The Supreme Court denied President Trump’s desire to put a citizenship question on the census, but they didn’t reject his authority to do so.
They rejected Wilbir Ross’ and Steve Bannon’s argument from two years ago. It appears that Ross and Bannon got too clever and tried to hoodwink the bureaucracy with the census question.
They did a disservice to the President in the process because Trump has the authority and he could have just issued an executive order from day 1.
This is exactly what he is considering right now. Many people think if the President just asserts this authority without Bannon’s and Ross’ spurious reasons, Trump will win in the Supreme Court.
The Axios reported that President Trump is considering an executive order to try to move forward with a citizenship question on the 2020 census, top sources tell Jonathan Swan and me.

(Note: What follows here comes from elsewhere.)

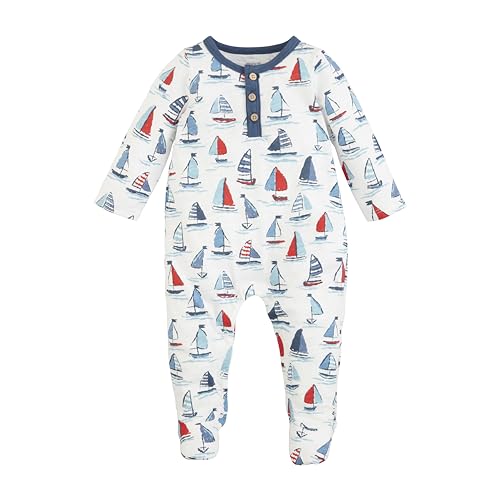 Mud Pie Baby Boys Sailboat Sleeper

“We didn’t come this far just to throw in the towel,” said a senior administration official with direct knowledge of the conversations.
Administration lawyers are exploring various legal options.

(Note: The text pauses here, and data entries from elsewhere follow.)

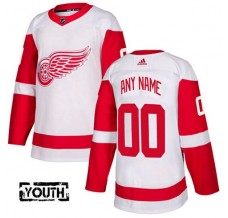 Dětské Dresy Detroit Red Wings Customized Bílá Authentic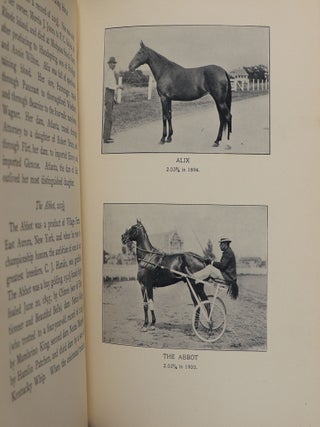 The Trotting and the Pacing Horse in America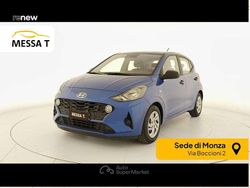 Blu/azzurro Usata 2020 Hyundai i10 Prime Due volumi | 11.950 € (Cara)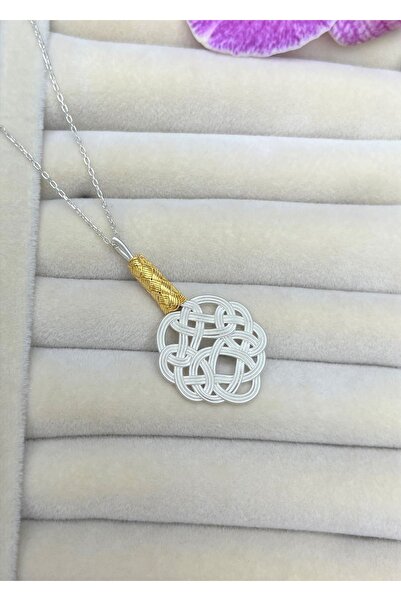 KAZZAZE Aşk Düğümü Kazaziye Gümüş Kolye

A senior legal source said: “The administration is considering the appropriateness of an executive order that would address the constitutional need for the citizenship question to be included in the 2020 census.”
It’s fair to mention that there is considerable skepticism within the administration that an executive order would succeed.

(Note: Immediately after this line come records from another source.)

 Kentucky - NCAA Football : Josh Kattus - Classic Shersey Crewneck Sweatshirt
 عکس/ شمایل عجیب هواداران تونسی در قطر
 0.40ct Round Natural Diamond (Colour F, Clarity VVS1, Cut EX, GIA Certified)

Why this matters: President Trump’s insistence on pushing ahead with the question, potentially without doing the legwork the Supreme Court called for, reflects his expansive view of executive power.
A source familiar with some of the administration’s internal deliberations said: “I think that there’s a good argument to be made that even though the president may lose in litigation at the end of the day, going through that process ultimately makes it clear that it’s the chief justice, and not the Executive Branch, that bears responsibility for that unfortunate outcome.”
“If the president of the United States were to issue an executive order, supported by his full Article II powers, directing that the citizenship question be included in the 2020 census, I believe the Supreme Court would affirm the constitutional power of the president to include the citizenship question in the census.” Former federal judge J. Michael Luttig, who has longtime ties to officials in the administration, told Axios.
How we got here: last week the Supreme Court voted to block a census question that asks: “Is this person a citizen of the United States?”
But it gave the administration an opening to try again, if it could come up with a more persuasive argument about why it was adding the question.